Data in this exercise
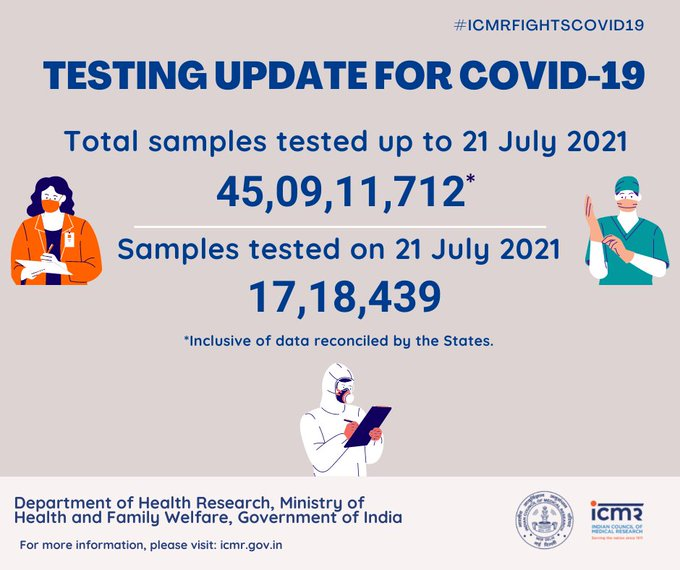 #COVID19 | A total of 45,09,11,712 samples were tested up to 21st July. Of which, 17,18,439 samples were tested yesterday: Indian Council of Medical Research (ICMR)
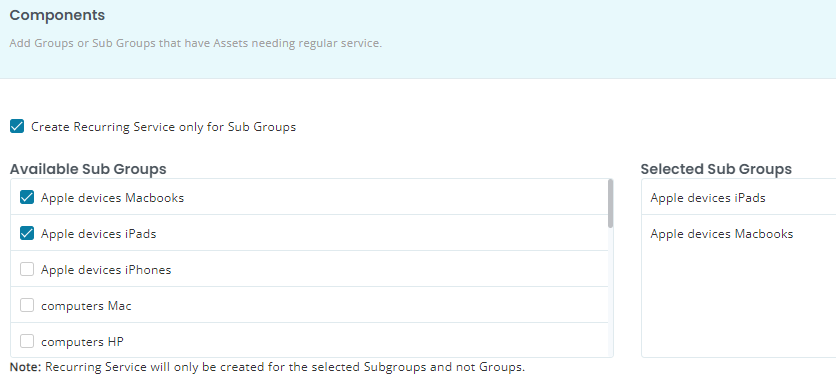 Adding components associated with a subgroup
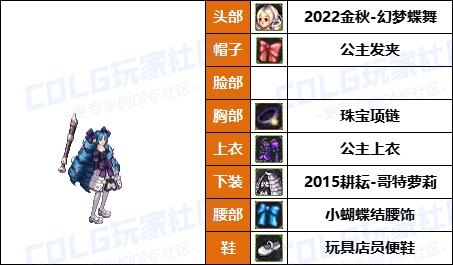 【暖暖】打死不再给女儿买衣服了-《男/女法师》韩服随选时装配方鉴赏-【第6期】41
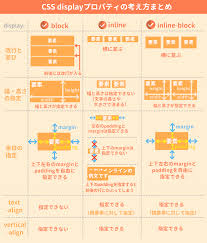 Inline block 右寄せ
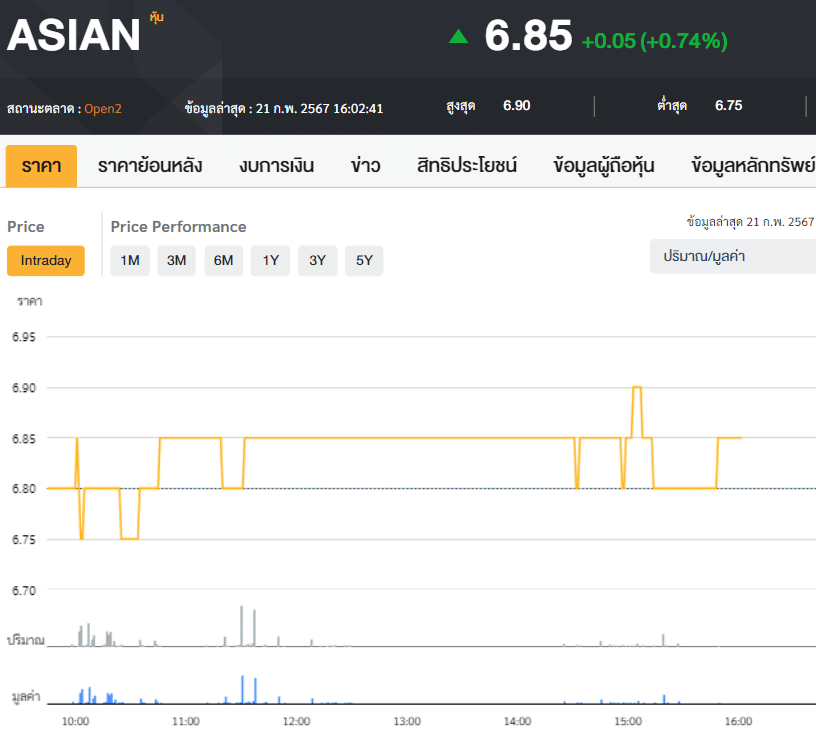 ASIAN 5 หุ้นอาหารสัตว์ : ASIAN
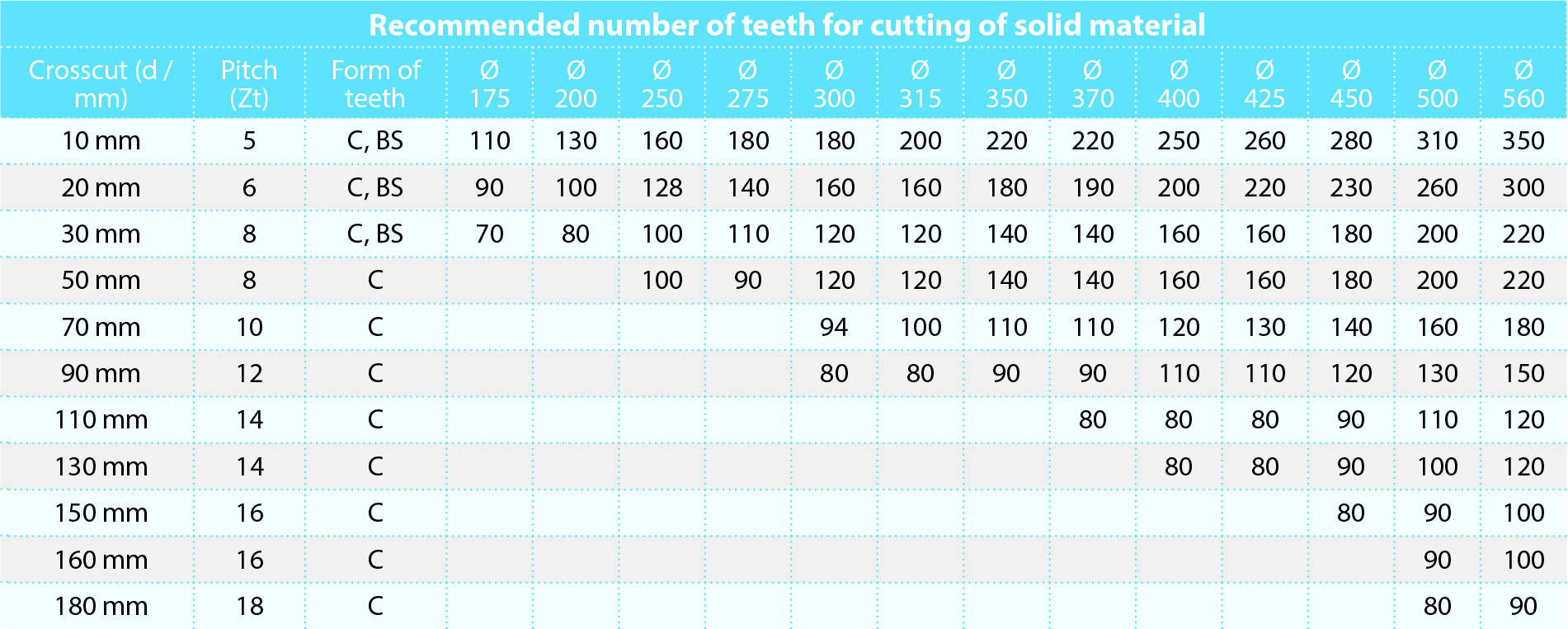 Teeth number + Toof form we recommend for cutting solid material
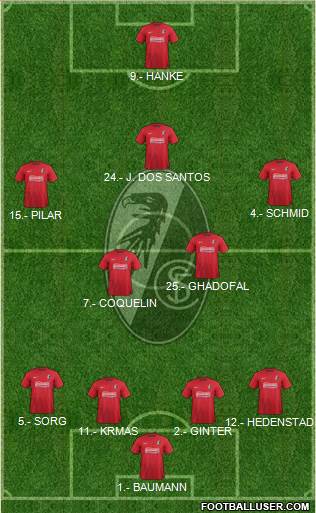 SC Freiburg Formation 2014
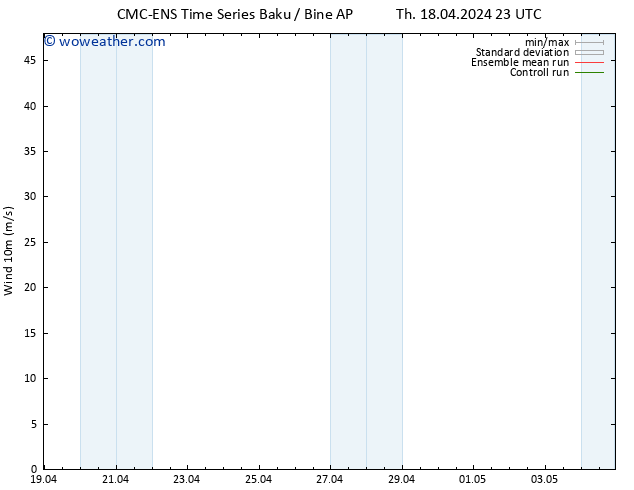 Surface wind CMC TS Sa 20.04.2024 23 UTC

Work to complete
Omitting all pictures, restate word for word the lines from the one containing "SC Freiburg Formation 2014" through the last line of the data.

The completed task
 SC Freiburg Formation 2014
 Surface wind CMC TS Sa 20.04.2024 23 UTC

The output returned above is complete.